Each record below should be output verbatim, without pictures.
Source material below:
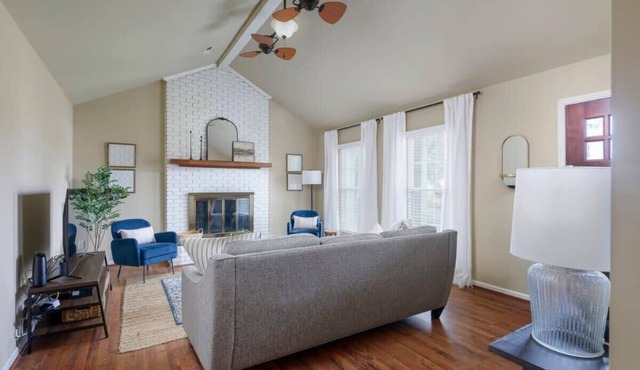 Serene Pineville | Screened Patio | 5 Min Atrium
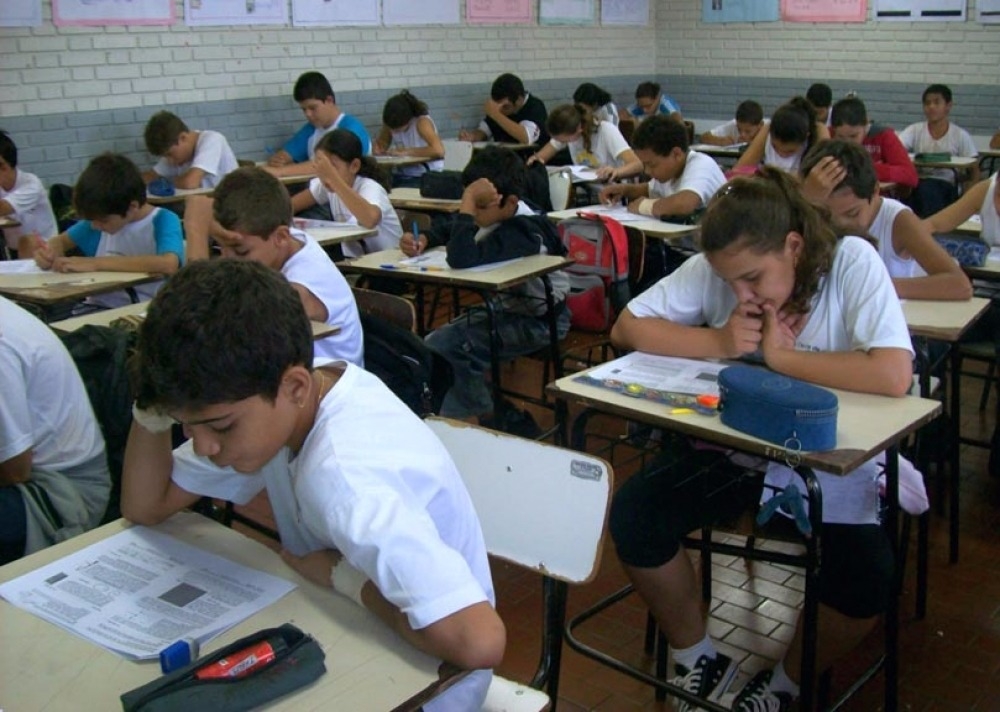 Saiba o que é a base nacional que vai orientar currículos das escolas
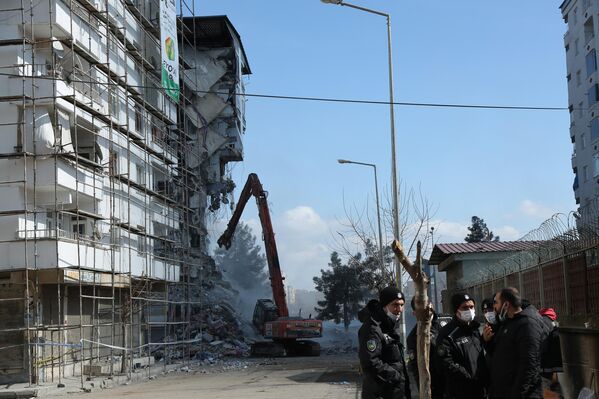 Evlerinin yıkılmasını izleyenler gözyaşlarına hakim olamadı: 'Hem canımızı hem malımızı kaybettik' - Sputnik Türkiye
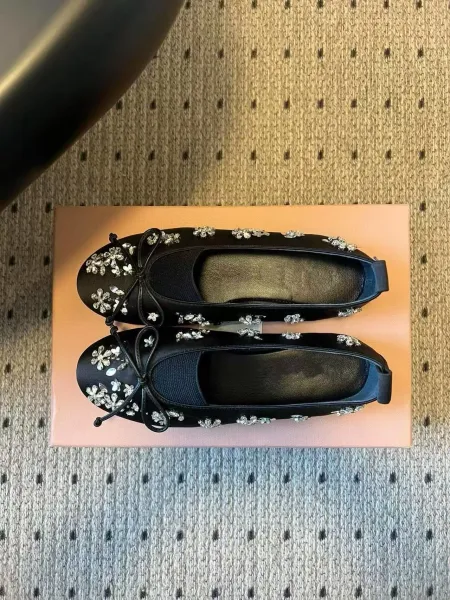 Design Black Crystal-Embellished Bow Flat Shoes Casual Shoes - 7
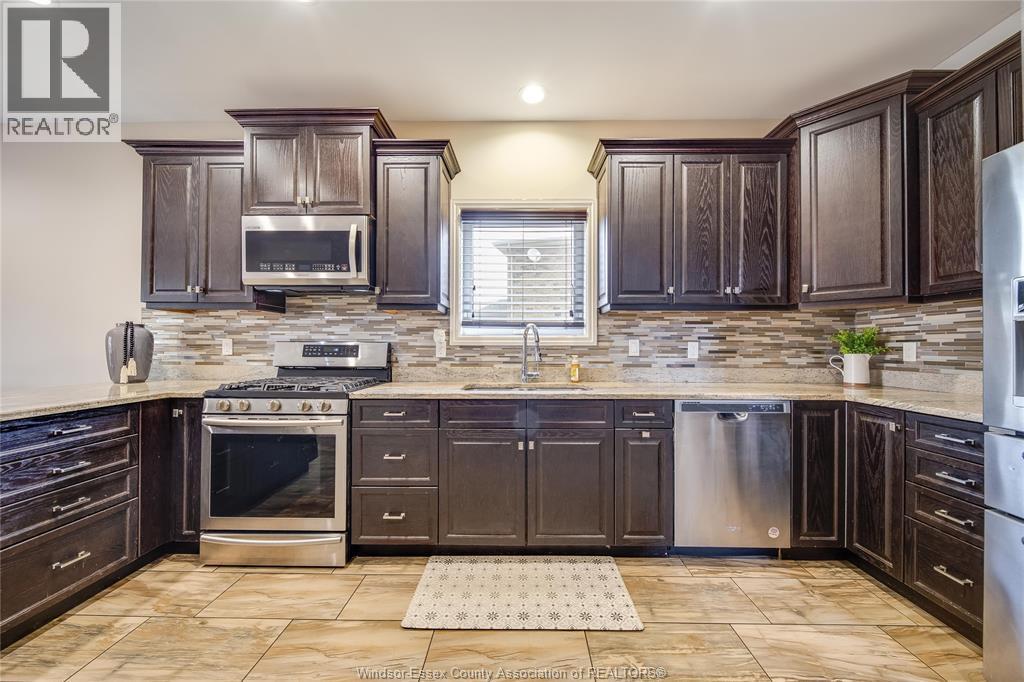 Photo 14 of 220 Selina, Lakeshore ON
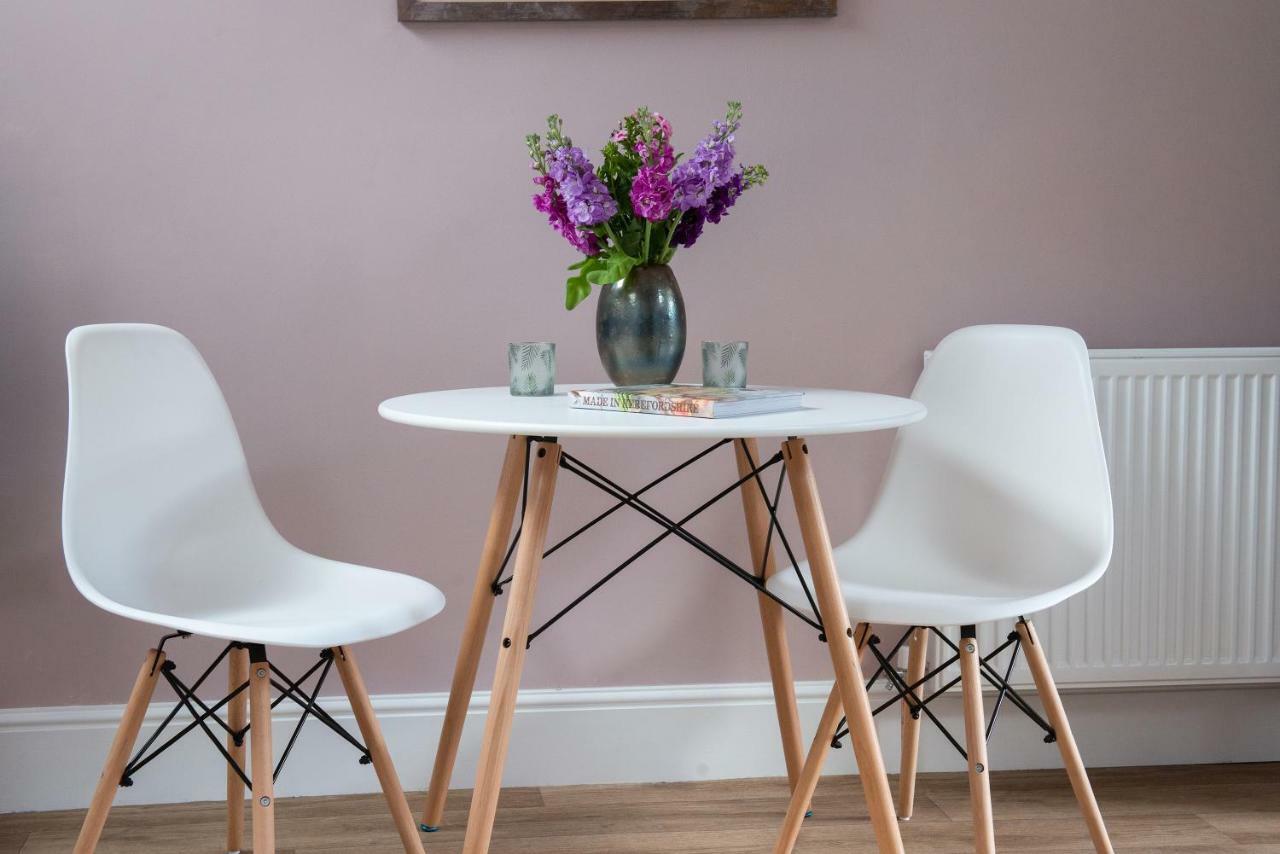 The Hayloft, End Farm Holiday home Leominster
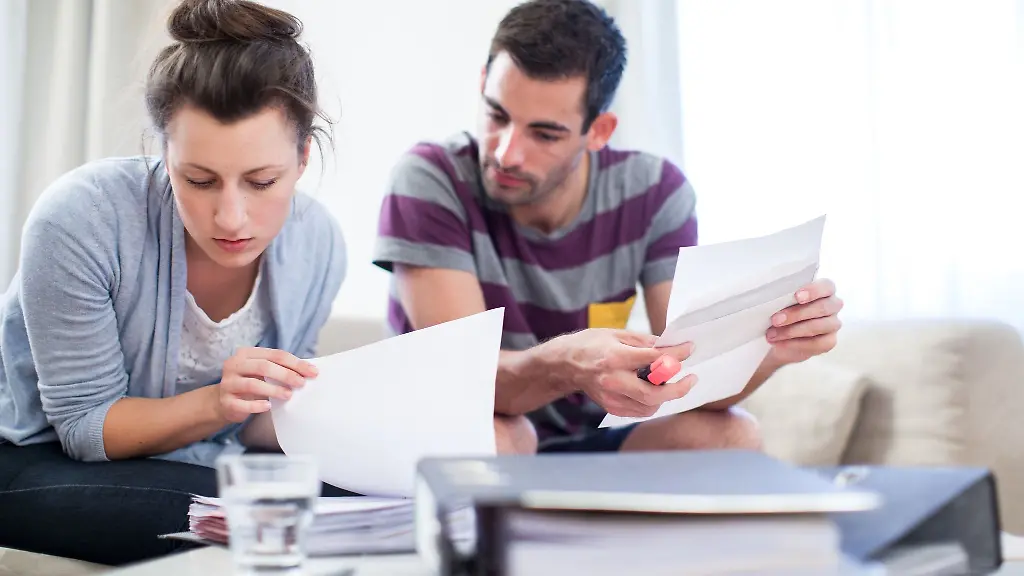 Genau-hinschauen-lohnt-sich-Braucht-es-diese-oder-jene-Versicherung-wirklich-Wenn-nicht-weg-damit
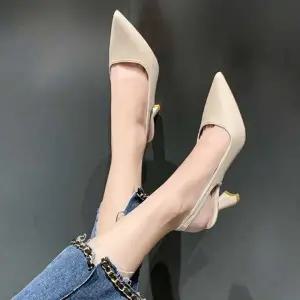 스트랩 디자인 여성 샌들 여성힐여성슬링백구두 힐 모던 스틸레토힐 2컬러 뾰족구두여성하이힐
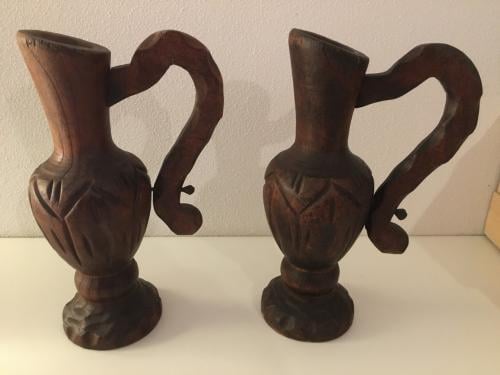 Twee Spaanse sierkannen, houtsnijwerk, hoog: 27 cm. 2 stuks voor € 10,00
End of Source material.
Solution to the problem:
 Serene Pineville | Screened Patio | 5 Min Atrium
 Saiba o que é a base nacional que vai orientar currículos das escolas
 Evlerinin yıkılmasını izleyenler gözyaşlarına hakim olamadı: 'Hem canımızı hem malımızı kaybettik' - Sputnik Türkiye
 Design Black Crystal-Embellished Bow Flat Shoes Casual Shoes - 7
 Photo 14 of 220 Selina, Lakeshore ON
 The Hayloft, End Farm Holiday home Leominster
 Genau-hinschauen-lohnt-sich-Braucht-es-diese-oder-jene-Versicherung-wirklich-Wenn-nicht-weg-damit
 스트랩 디자인 여성 샌들 여성힐여성슬링백구두 힐 모던 스틸레토힐 2컬러 뾰족구두여성하이힐
 Twee Spaanse sierkannen, houtsnijwerk, hoog: 27 cm. 2 stuks voor € 10,00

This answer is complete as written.